The scientific possibilities offered by MRCG were, and continue to be, inspiring. My particular project required identification of children that either carried a specific SNP in their leptin receptor, or had a specific nutritional status. A blood sample was taken, which then needed to be analysed within an hour without any agitation of the sample as I was performing neutrophil function tests. Only with the experienced team and facilities at Keneba could this have worked.  Undertaking science in an environment like Keneba does come with challenges though. It was the norm for reagents to take 3 months to arrive, and waits of 6 months or even longer were not uncommon. Equipment breakdown was also a lurking terror, the logistics of coordinating maintenance and repairs across hundreds of kilometres of indifferent roads daunting and time-consuming. Living and working in Keneba is also just that – you lived where you worked, and worked where you lived. My 10 second commute to lab and office (while very useful for late experiments) did not offer much in the form of a work-life balance, and it was easy to lose yourself in what we called the Keneba bubble. However, this very closeness also fostered an amazing community within the field station. Those working there were diverse, with Gambians, East Africans, Europeans, and even the odd American represented. We all shared a passion for the research undertaken and it was impossible to not find close friends among people who were all drawn to such an unusual spot.

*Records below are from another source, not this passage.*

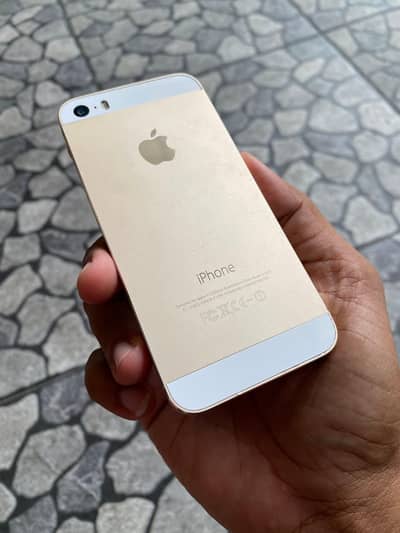 iphone 5S 64GB full box Whatsapp only 03414895928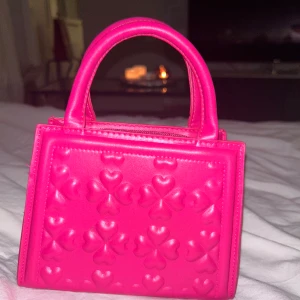 💗Rosa mini bag💗 - En rosa mini bag från shein som inte kommer till användning längre. Det ingår också ett axelband till väskan💗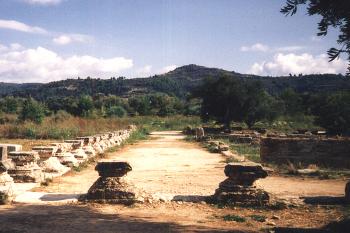 Zříceniny antické Olympie na západě Peloponésu v Řecku. (© Pavel Vítek 09/2012)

As such, the actual business of living in Keneba was a lot of fun. Some things took some getting used to – having to drive 3 hours to the coastal region to buy food required serious meal planning/creativity when you’re left with cous cous, half a tomato, and an egg. Laundry also presented unexpected excitement.  Everything was washed in a bucket by hand, then ironed to a crispy freshness. This ironing was a crucial step due to mango flies: mango flies lay their eggs normally in damp sand, but will also happily lay them on your damp laundry. When they come into contact with your skin, they hatch and burrow, then alien-like burst out as a maggot to carry on their appalling life cycle. There were also the annual emails every rainy season from the health and safety department entreating us to watch where we step as the high grass provides excellent cover for snakes.  It kept you on your toes.

Life was not all side-stepping snakes though. Impromptu evening gatherings were the norm, with gin and tonics a favourite sun-downer – after all, a G&T a day keeps the malaria away! Mango season was a highlight of the year; mangos the size of melons ripened to exquisite sweetness on the trees outside our houses, and when we’d eaten all of those more could be found sold along the highway, a dozen for a pound. The bintang bolang, a tributary of the Gambia river, ran very close to Keneba, and we frequently made swimming and camping trips. After a couple hours of swimming (no crocodiles in sight) we’d end the day with a campfire and some julbrew, then listen to the hyenas and baboons bark at each other in the distance (at least we told ourselves it was in the distance), gazing at the milky way. 

In October I travelled down the red dirt road from Keneba for the last time, bound for Oxford. My research group’s work on iron, anaemia, and malaria involved a collaboration with Hal Drakesmith and his group at the MRC Human Immunology Unit. My interest in iron regulation, particularly in the context of malaria infection, grew as a result, and I was able to join Hal’s group to pursue this avenue. Coming to Oxford has been as big an adjustment as going to Keneba. I have a deep appreciation for the incredible facilities, and receiving reagents the same week I ordered them has still not lost its charm. I am looking forward to the research work to come in such a great environment, and know that the resilience and patience I learned in Keneba will remain.